BEGIN Records for the task

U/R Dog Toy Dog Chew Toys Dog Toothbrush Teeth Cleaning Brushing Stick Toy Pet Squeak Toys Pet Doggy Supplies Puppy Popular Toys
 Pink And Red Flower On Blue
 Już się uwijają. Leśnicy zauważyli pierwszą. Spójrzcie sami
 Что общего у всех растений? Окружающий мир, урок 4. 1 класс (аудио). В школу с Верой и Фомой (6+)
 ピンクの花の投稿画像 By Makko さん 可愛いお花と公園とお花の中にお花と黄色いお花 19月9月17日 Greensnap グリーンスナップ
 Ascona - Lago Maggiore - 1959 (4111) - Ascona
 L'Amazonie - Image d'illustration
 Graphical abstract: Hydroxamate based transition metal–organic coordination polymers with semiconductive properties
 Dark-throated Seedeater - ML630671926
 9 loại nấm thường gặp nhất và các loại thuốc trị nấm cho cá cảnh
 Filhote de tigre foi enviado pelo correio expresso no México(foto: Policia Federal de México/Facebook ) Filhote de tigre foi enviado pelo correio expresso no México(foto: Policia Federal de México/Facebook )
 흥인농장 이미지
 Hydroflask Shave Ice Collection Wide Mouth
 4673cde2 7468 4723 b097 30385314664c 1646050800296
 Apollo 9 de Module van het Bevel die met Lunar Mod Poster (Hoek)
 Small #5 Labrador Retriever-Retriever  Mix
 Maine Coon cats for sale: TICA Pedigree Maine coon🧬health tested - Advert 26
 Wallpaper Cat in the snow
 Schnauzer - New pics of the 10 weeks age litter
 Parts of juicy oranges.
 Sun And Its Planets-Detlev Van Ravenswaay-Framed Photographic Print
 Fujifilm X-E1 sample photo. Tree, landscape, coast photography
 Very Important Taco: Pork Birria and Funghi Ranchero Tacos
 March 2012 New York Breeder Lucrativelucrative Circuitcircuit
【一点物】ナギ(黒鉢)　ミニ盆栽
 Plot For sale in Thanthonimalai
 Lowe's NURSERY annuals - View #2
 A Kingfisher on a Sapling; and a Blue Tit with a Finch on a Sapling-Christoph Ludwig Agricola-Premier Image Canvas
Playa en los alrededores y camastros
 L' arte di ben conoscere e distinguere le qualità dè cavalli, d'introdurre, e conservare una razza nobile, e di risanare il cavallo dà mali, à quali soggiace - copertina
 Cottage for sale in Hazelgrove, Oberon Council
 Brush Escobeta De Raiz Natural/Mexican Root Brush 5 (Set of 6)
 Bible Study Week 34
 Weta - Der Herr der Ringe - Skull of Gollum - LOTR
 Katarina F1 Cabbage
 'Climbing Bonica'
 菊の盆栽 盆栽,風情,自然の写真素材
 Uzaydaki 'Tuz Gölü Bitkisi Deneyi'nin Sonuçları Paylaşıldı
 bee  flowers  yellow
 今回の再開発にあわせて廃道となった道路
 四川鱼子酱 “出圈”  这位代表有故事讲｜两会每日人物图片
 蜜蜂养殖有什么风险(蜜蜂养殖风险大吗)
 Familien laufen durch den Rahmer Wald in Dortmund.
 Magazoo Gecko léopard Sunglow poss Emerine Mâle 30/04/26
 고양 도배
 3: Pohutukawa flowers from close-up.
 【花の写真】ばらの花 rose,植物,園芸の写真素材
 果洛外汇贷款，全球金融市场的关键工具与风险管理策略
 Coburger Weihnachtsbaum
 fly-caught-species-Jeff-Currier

END Records for the task

Work required: I need exact copies of the lines from the one holding "Coburger Weihnachtsbaum" through the end of the records above, and nothing beyond them.

Result:
 Coburger Weihnachtsbaum
 fly-caught-species-Jeff-Currier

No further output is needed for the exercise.